# TASK:
Starting at the line that contains "Пылезащитное ведро для" and ending at the line that contains "Coeur De Lion", the lines below are to be given again exactly, with nothing added.

# DATA SUPPLIED:
◇ ◇ ◇ ◇ ◇ ◇ ◇
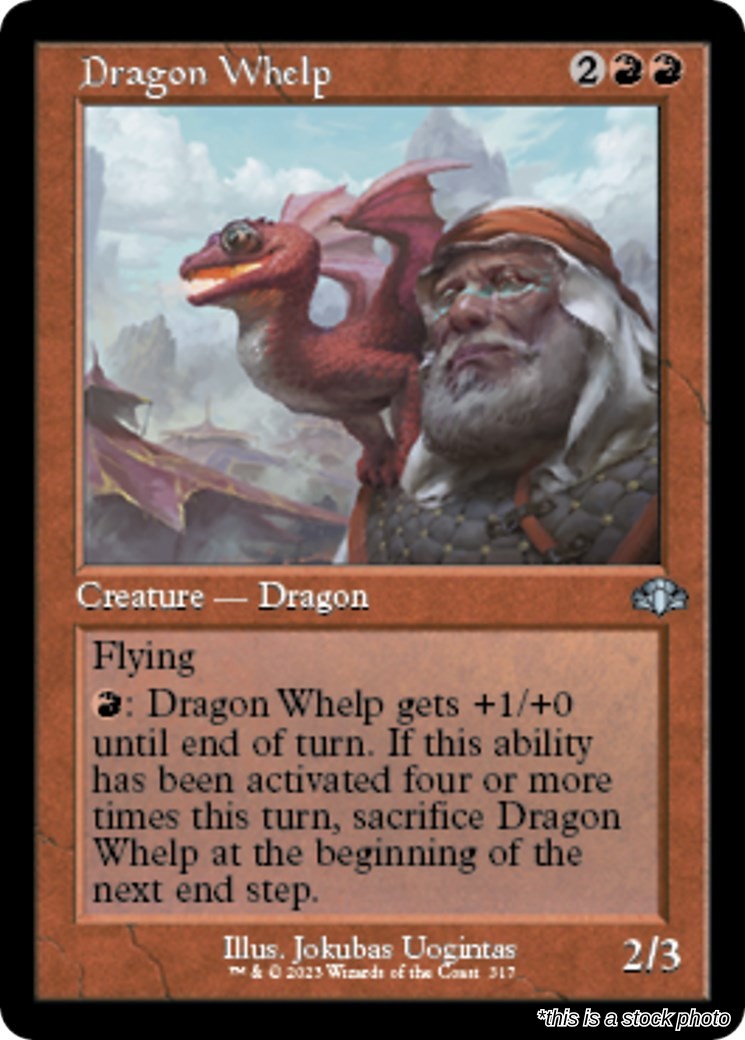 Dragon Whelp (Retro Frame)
◇ ◇ ◇ ◇ ◇ ◇ ◇
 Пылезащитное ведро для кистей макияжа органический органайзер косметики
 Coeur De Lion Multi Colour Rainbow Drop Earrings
◇ ◇ ◇ ◇ ◇ ◇ ◇
# YOUR RESPONSE:
 Пылезащитное ведро для кистей макияжа органический органайзер косметики
 Coeur De Lion Multi Colour Rainbow Drop Earrings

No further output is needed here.